Policing minister Vernon Coaker was grilled yesterday by a parliamentary committee looking into the G20 protests and police relations with the media.
The joint committee on human rights raised concerns about how the police handled the demonstrations in London on 1 April.
They asked Coaker whether the Metropolitan Police press team had over-stated the potential for violence and disruption – thereby encouraging journalists to take that line.
In a protacted reply, Coaker said: “This does demonstrate the importance of context, we’re all politicians, we’ve all said things that if you actually put it in one way you get one thing and if you put it in the other you get the completely opposite.”
He added: “They was reporting about the police saying about storming, and then actually when the transcripts were checked, there was no use of the word storming at all.
“I don’t think the media people deliberately go out to stoke things up but I do think they have to be aware that sometimes a word out of place can cause an awful lot of problems.”
Coaker was also asked by the committee about the effect anti-terror law was having on the press. Some photographers have complained that Section 76 of the 2008 Counter-Terrorism Act prevents them taking pictures of police.
He replied: “You can take pictures of police officers, you can take pictures of uniformed personnel, there is nothing in law that says you can’t do that.
“Frankly you can see it everyday outside parliament, people stood next to police officers, posing for photographs.

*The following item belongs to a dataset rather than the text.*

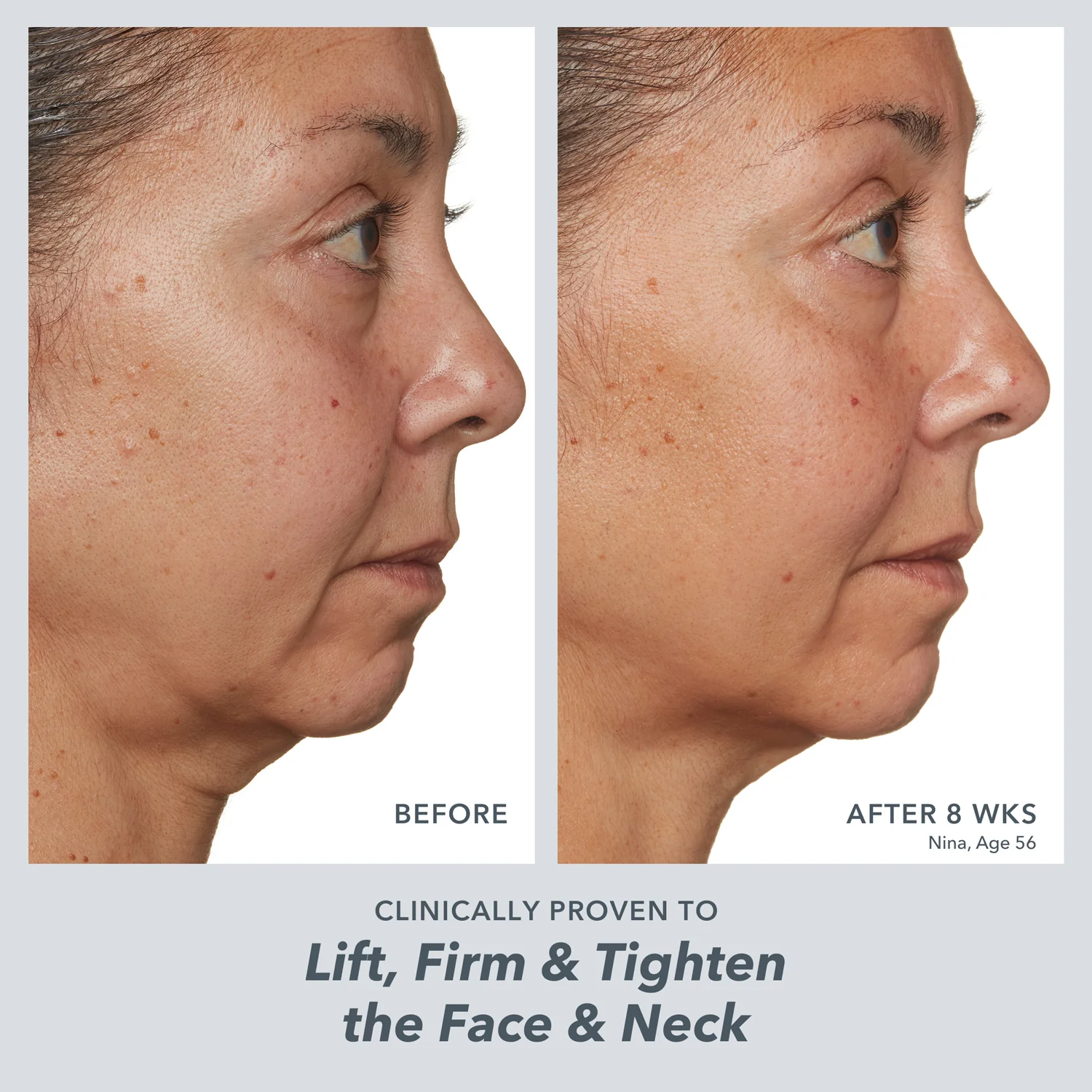 Supercharged Skincare Routine - Image 12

So, y’know, there is nothing in law that says that.
“There are occasions when people are prevented from taking a photograph, and you kind of think: why are you being prevented from taking a photograph in this way?
“We know the intent of the legislature was the prevention of taking photographs of military personnel or police officers in a way which was about how to prepare for terrorist acts and it certainly shouldn’t be used for routine prevention of the taking of photos.”